Our interiors guru Giles Kime has known designer Cath Kidston for decades. She invited him to take a look inside her Grade-II listed Cotswolds home.
What do you do when you’ve turned your distinctive style into a much-loved business, been awarded an MBE and brought a beautiful 17th-century house in the Cotswolds back to life?
Laurels are never quite as comfortable a place to rest as people imagine, especially when you’ve spent 20 years tirelessly building the most distinctive high-street brand since Laura Ashley to create that holy grail of retail: a magical mix of originality, desirability and accessibility. In such a case, what next?
For Cath Kidston, the circuitous route to this particular dilemma started after a stint working for the interior designer Nicky Haslam, when she co-founded a shop selling curtainalia on the borders of Chelsea and Fulham in London. Five years later, she struck out on her own, selling fabrics and accessories in bold florals that flew in the face of the prevailing taste for pallid Modernism.
Initially, she ploughed a lonely furrow, but, soon, word spread and, over the following decade, her business grew from a single store in west London to 136, including one next to Fortnum & Mason on Piccadilly. Cath Kidston tents, phones and radios followed.
The subsequent pace at which the business flourished was built not on a desire for world domination, but an ability to garner the influences of foreign trips, exhibitions and days spent rootling around antiques markets and galleries—and turn them into well-made furnishings and clothing that made her customers happy and didn’t cost the earth.
Much of the inspiration for the business can also be found in Mrs Kidston Padgham’s formative years. It’s hard to imagine now, in an era of underfloor heating, complex lighting schemes and home spas, but there was a slender strand that ran through English decorating in the 1970s and 1980s that was shaped by a combination of aesthetic and budgetary restraint.
Good, elegant antiques and paintings were complemented with simple, white, painted furniture (usually second-hand brown furniture in disguise), proper linoleum, cork flooring, plain upholstery, usually in white or pale blue. Despite its casual feel, it was a look that was painstakingly curated; carefully cultivated house plants (geraniums, amaryllis and tuberose) were complemented by simple arrangements of cut flowers.
Luxury was not a home spa, but a few yards of deep shag pile in the bathroom and a pretty eiderdown in the guest bedroom.
‘They were houses that evolved,’ she remembers, ‘with a look that was lived in, but also stylish with comfortable, colourful kitchens and wonderful bathrooms that had the biggest, thickest towels.

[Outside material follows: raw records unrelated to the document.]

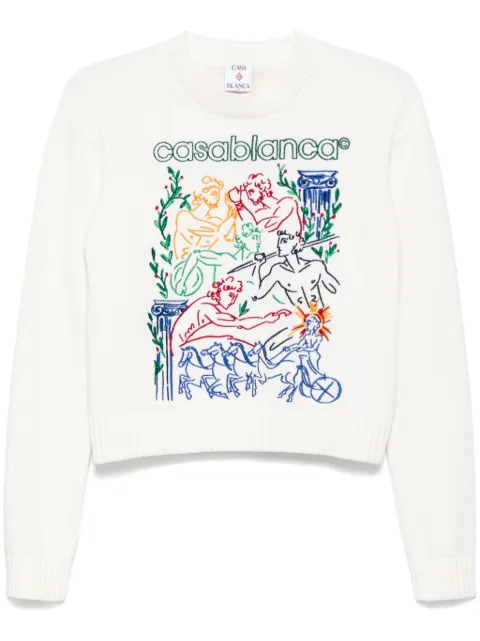 Casablanca embroidered jumper White WPS25KW86001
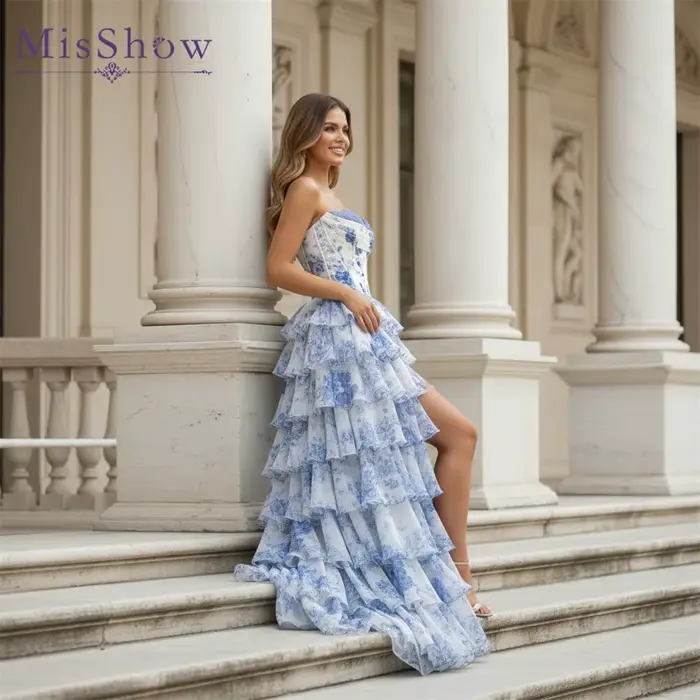 Robe de soirée longue en mousseline MisShow pour femme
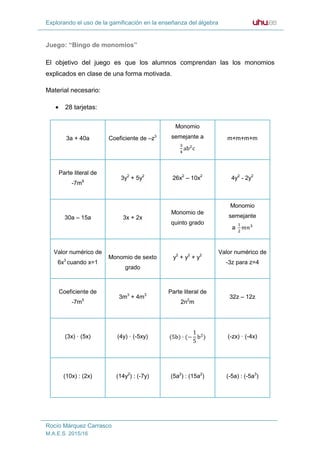 Explorando el uso de la gamificación en la enseñanza del álgebra
Rocío Márquez Carrasco
M.A.E.S. 2015/16
Juego: “Bingo de monomios”
El objetivo del juego es que los alumnos comprendan las los monomios
explicados en clase de una forma motivada.
Material necesario:
• 28 tarjetas:
3a + 40a Coeficiente de –z3
Monomio
semejante a
ab c
m+m+m+m
Parte literal de
-7m9
3y2
+ 5y2
26x2
– 10x2
4y2
- 2y2
30a – 15a 3x + 2x
Monomio de
quinto grado
Monomio
semejante
a
Valor numérico de
6x3
cuando x=1
Monomio de sexto
grado
y2
+ y2
+ y2
Valor numérico de
-3z para z=4
Coeficiente de
-7m5
3m3
+ 4m3
Parte literal de
2n2
m
32z – 12z
(3x) · (5x) (4y) · (-5xy) (5b) · (−
1
5
b ) (-zx) · (-4x)
(10x) : (2x) (14y2
) : (-7y) (5a2
) : (15a2
) (-5a) : (-5a3
)
 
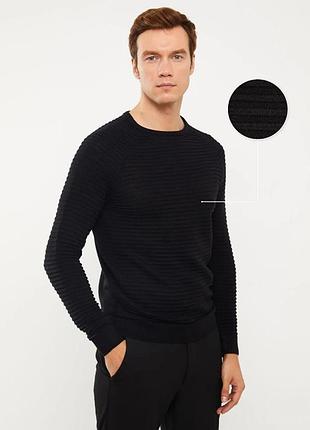 Чорний чоловічий светр lc waikiki / лс вайкікі, з гофрованими рукавами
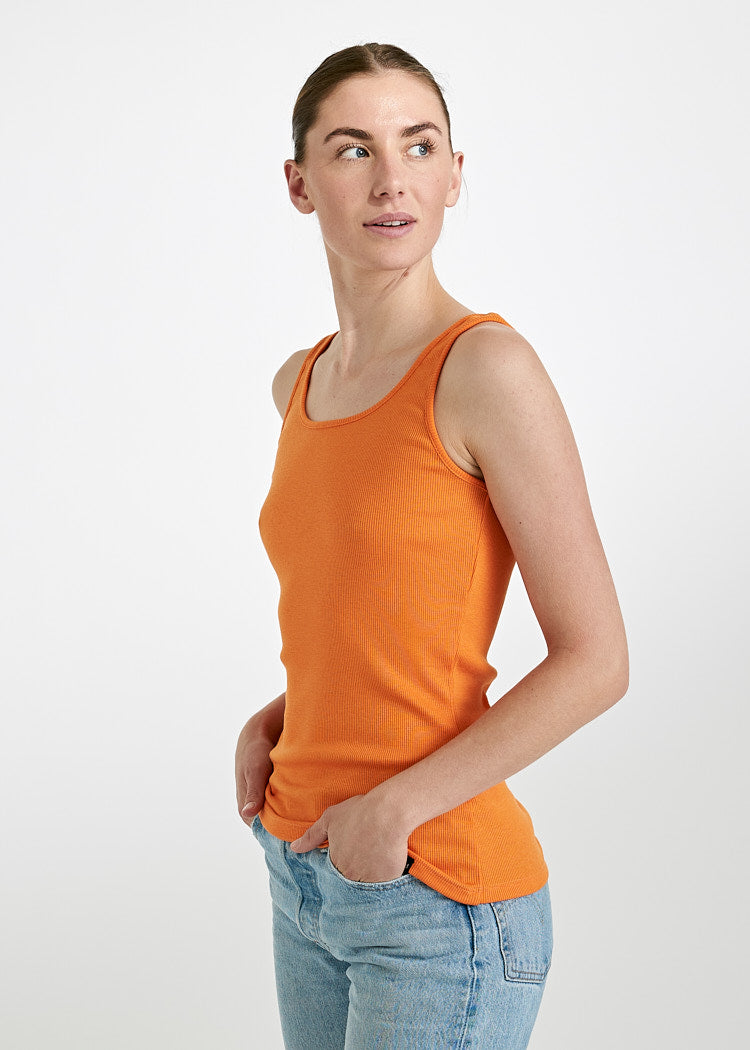 WOMEN'S RIBBED TANK TOP SANDRA ORANGE
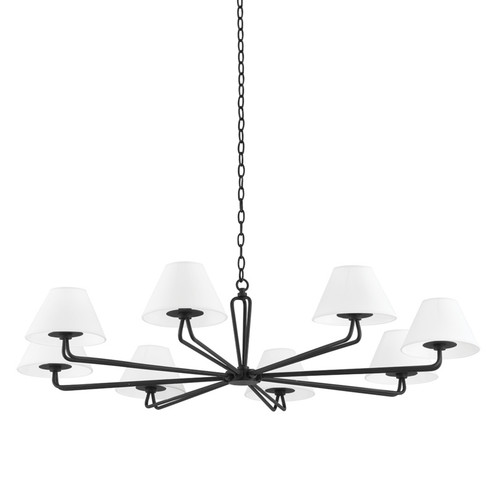 Ozias Eight Light Chandelier in Black Iron (67|F2550-BI)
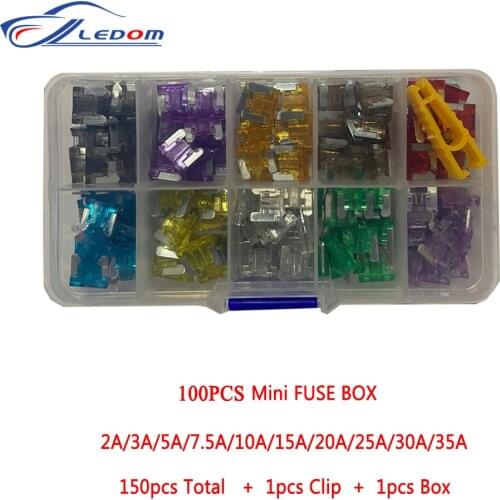 100pcs/Box Car Truck Mini Blade Auto Fuses 2a 3A 5A 7.5A 10A 15A 20A 25A 30A AMP Plastic Box Assortment with Clip
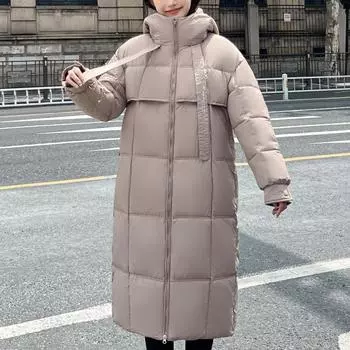 Длинные пальто для женщин, зимние модные свободные толстые теплые женские парки больших размеров, пальто с капюшоном M хаки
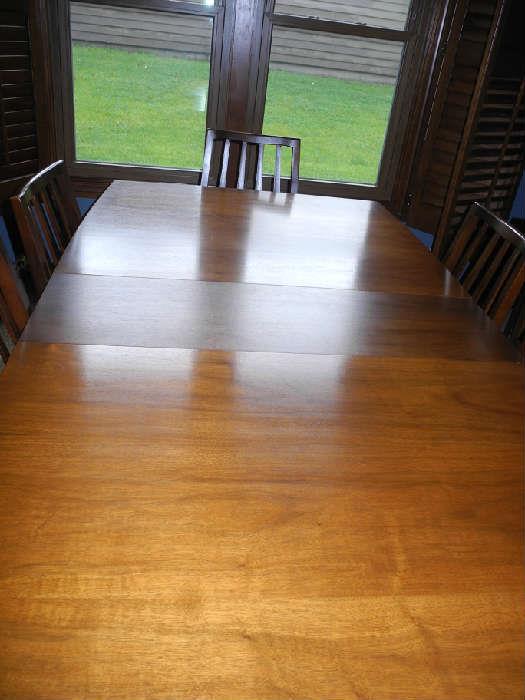 Mid-century modern dining table and chairs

It was driven more than anything by a desire for restraint.’ Yet it was also a look that was never po-faced; there were cheery ceramic piles of fruit from Casa Pupo, needlepoint cushions and footstools and serried ranks of family photographs.
Imbued with this sense of playfulness and a refusal to adhere to rules, she spent two decades dreaming up ideas for clothing, accessories and furnishings that appealed to both young (who found it quirky) and more mature (who found it a comforting reminder of their post-war childhood).

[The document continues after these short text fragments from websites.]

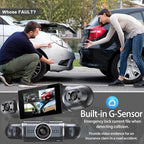 4 Channel Dash Cam Front and Rear Inside Back 360° FHD 2K Dash Camera for Cars, WiFi, GPS, G-Sensor, WDR 24/7 Parking Mode, 1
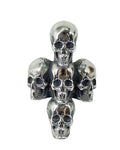 Ring Fingerring Edelstahl 5 Totenköpfe als Kreuz Totenkopf Skull Biker Rocker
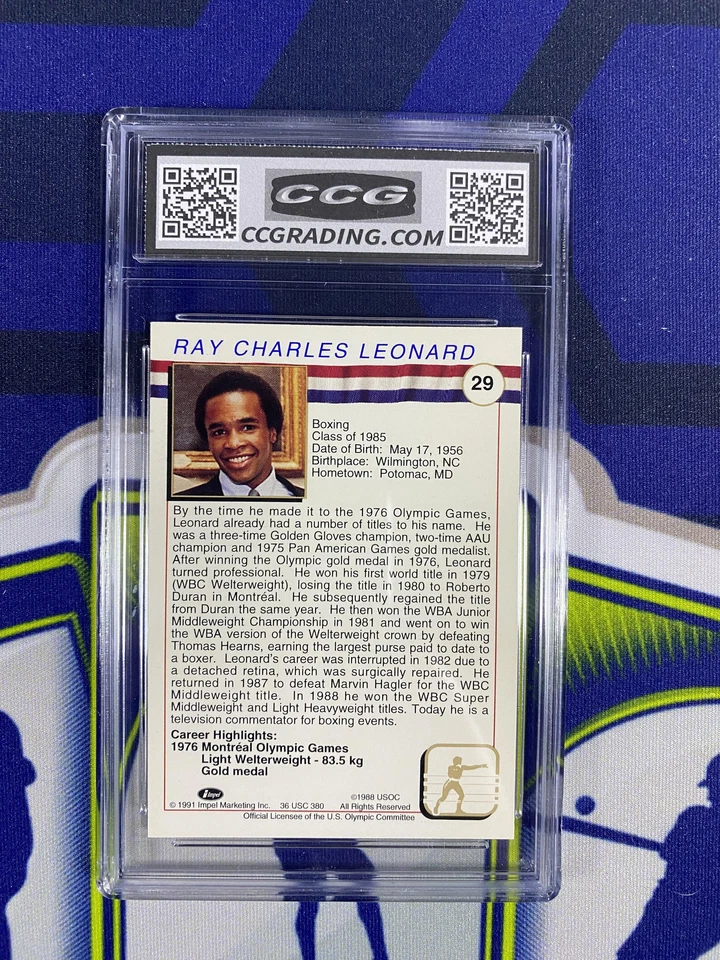 Sugar Ray Leonard 1991 Impel US Olympic HOF 29 CCG 10 RC - Image 2 of 2
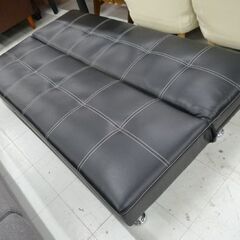 ② 合皮 ソファーベッド 幅170cm ブラック ソファ ベッド ソファー 苫小牧西店の画像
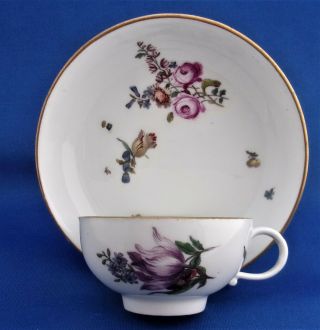 Antique Meissen Porcelain Cup & Saucer - Hand Painted Flowers - 18th.  Century.
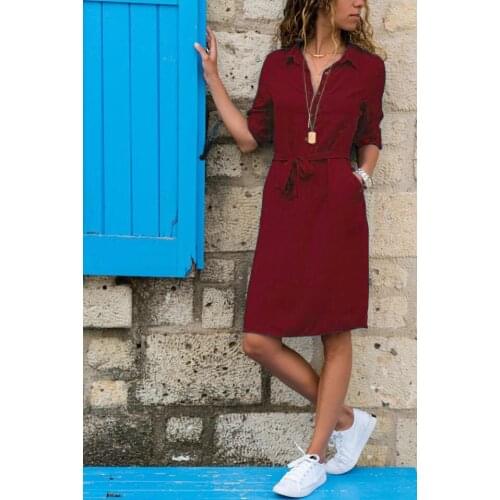 2020 Summer New Women Three Quarter Sleeve Turn-down Collar Solid Casual Dress Vestidos Office Lady Shirt Dresses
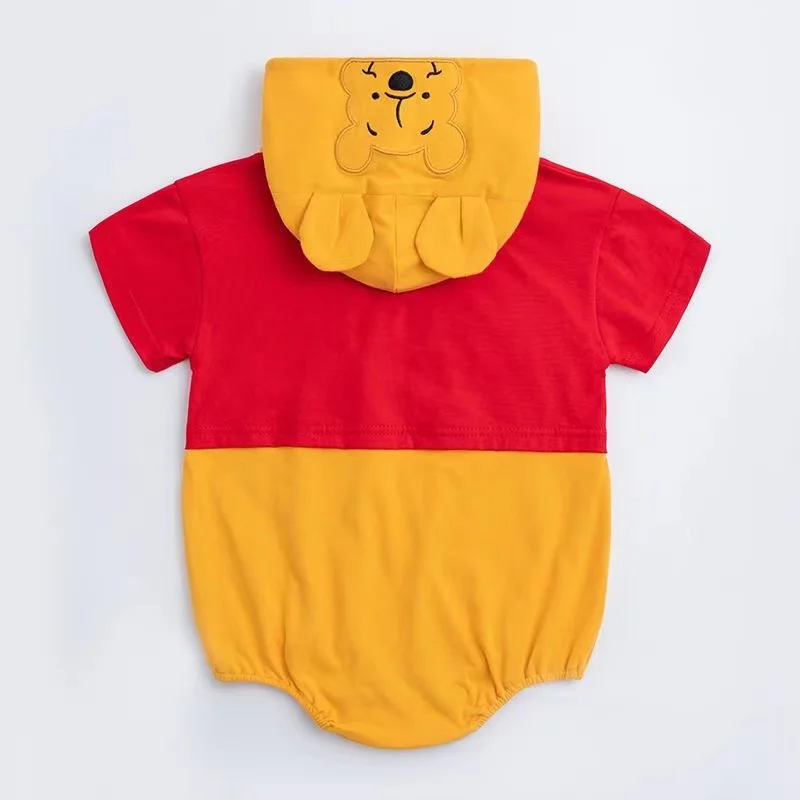 Vestiti estivi per neonati pagliaccetto per neonato cartone animato topolino Winnie the Pooh stampa tuta manica corta ragazza abiti con cappuccio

Its bold, distinctive excesses were generally countered with a pared-back look; if you have a floral oilcloth on the table or rose-covered ironing board, the rest of the kitchen could be a picture of Shakerish simplicity.
The designer left her eponymous business in 2016. Unburdened of the need to feed it with ideas, she and her husband, Hugh Padgham, a record producer who has worked with Peter Gabriel, Phil Collins and McFly, focused on their new home, a picture-perfect, Grade II-listed house that looks over 11 acres of its own woodland and pasture towards the gently undulating Gloucestershire countryside beyond.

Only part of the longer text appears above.